We suggest three ways to provide such protection. One would be for the US Congress, the European Parliament, or other relevant authorities to declare Google’s index – the database it uses to generate search results – to be a public commons (Epstein, 2019). This will quickly lead to the creation of hundreds, then thousands, of competing search platforms, each vying for the attention of different populations, just as thousands of news sources do currently. With numerous platforms having access to the index through a public API (an application programming interface), search will become both competitive and innovative again, as it was before Google began to dominate the search industry more than a decade ago.

Users could also be protected to some extent if browsers or search engines are at some point required to post bias alerts on individual search results or on entire search pages, with bias continuously rated by algorithms, human raters, or both. Epstein and Robertson (2016) showed that the magnitude of SEME could be reduced to some extent by such alerts (cf. Tapinsky et al., 2018; Wu et al., 2023). Alerts of this sort could also be used to flag the rising tide of online “misinformation” – an imperfect but not entirely unreasonable method for appeasing free speech advocates without suppressing content (Nekmat, 2020; Shin et al., 2023; cf. Bak-Coleman et al., 2022; BBC, 2017; Bruns et al., 2023).

Finally, a leak of documents from Google in 2019 showed that the company has long been concerned with finding ways to assure “algorithmic fairness,” primarily as a way of correcting what Google executives and employees perceive to be social inequities (Lakshmanan, 2019). Setting aside the concerns one might have about the possibility that a highly influential company might be engaging in a large-scale program of social engineering (Chigne, 2018; Epstein, 2018b; Savov, 2018), the good news is that Google has developed tools for eliminating bias in algorithmic content quickly and efficiently.

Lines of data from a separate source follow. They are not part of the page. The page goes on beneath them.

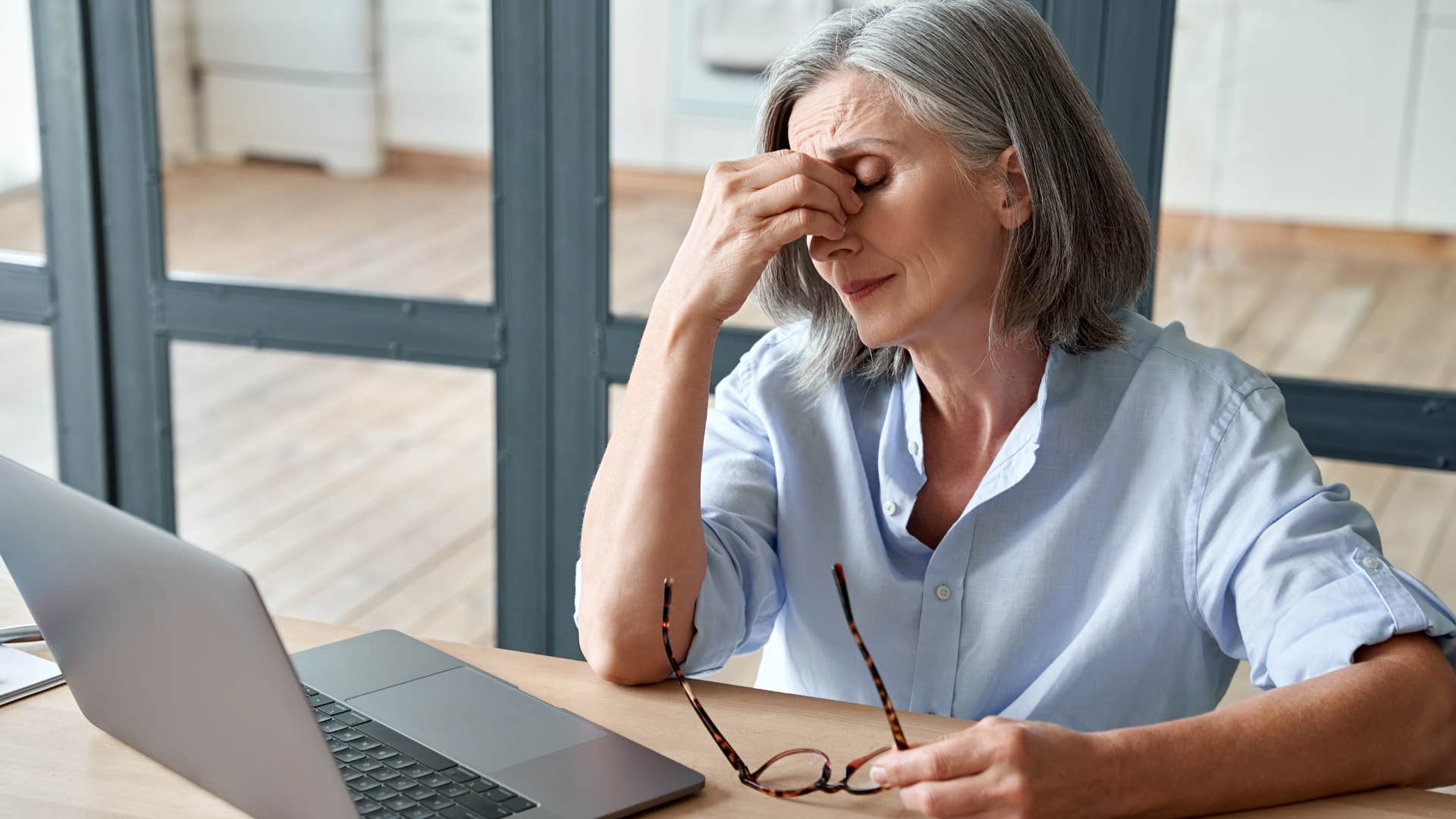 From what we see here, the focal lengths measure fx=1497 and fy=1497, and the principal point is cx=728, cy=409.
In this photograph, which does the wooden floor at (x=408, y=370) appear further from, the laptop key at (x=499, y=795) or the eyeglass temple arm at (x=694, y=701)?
the laptop key at (x=499, y=795)

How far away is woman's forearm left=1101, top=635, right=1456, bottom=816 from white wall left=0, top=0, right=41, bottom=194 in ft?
6.92

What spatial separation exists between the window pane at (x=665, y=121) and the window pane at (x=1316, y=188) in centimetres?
60

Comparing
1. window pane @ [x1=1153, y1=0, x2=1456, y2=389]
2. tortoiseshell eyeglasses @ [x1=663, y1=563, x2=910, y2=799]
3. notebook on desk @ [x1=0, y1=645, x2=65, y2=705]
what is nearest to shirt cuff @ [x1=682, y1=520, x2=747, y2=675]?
tortoiseshell eyeglasses @ [x1=663, y1=563, x2=910, y2=799]

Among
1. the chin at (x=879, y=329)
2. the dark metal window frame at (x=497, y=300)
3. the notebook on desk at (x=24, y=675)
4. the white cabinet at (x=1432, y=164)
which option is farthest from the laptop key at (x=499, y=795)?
the white cabinet at (x=1432, y=164)

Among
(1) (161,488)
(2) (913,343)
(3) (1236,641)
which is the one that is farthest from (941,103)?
(1) (161,488)

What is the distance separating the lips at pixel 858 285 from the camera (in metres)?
1.37

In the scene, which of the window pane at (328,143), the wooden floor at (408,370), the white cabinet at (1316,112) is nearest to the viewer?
the white cabinet at (1316,112)

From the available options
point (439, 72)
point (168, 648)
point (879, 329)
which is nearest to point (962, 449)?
point (879, 329)

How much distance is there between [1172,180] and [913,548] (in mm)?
868

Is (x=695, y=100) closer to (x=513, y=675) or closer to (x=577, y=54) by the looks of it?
(x=577, y=54)

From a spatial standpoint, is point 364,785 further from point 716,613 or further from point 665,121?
point 665,121

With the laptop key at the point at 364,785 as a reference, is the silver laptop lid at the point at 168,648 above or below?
above

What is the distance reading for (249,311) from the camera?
94.5 inches

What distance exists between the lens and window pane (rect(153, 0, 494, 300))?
2.30 m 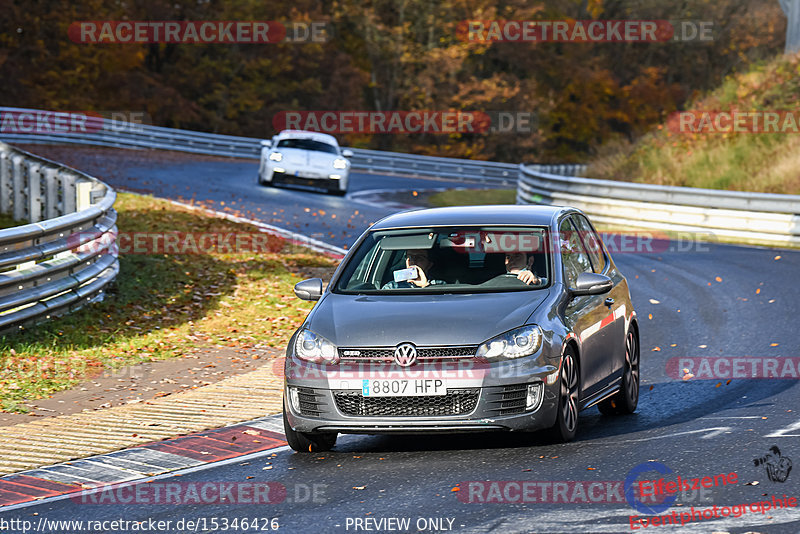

One of the leaked documents was a manual for Google’s “Twiddler” application, which was developed “for re-ranking results from a single corpus” (Google, 2018). In other words, Google has the power to eliminate political or other bias in search results “almost as easily as one can flip a light switch” (Z. Vorhies, personal communication, June 26, 2020).

If steps are eventually taken to protect users from the bias in search results that might be displayed in response to open-ended queries, perhaps operant conditioning or other factors that currently focus user attention on high-ranking results will do no harm. As it stands, we believe that this almost irresistible tendency to attend to and click on high-ranking results, which is currently affecting the thinking and behavior of more than 5 billion people worldwide with no mechanisms in place to offset its influence, poses a serious threat to democracy, free speech, and human autonomy.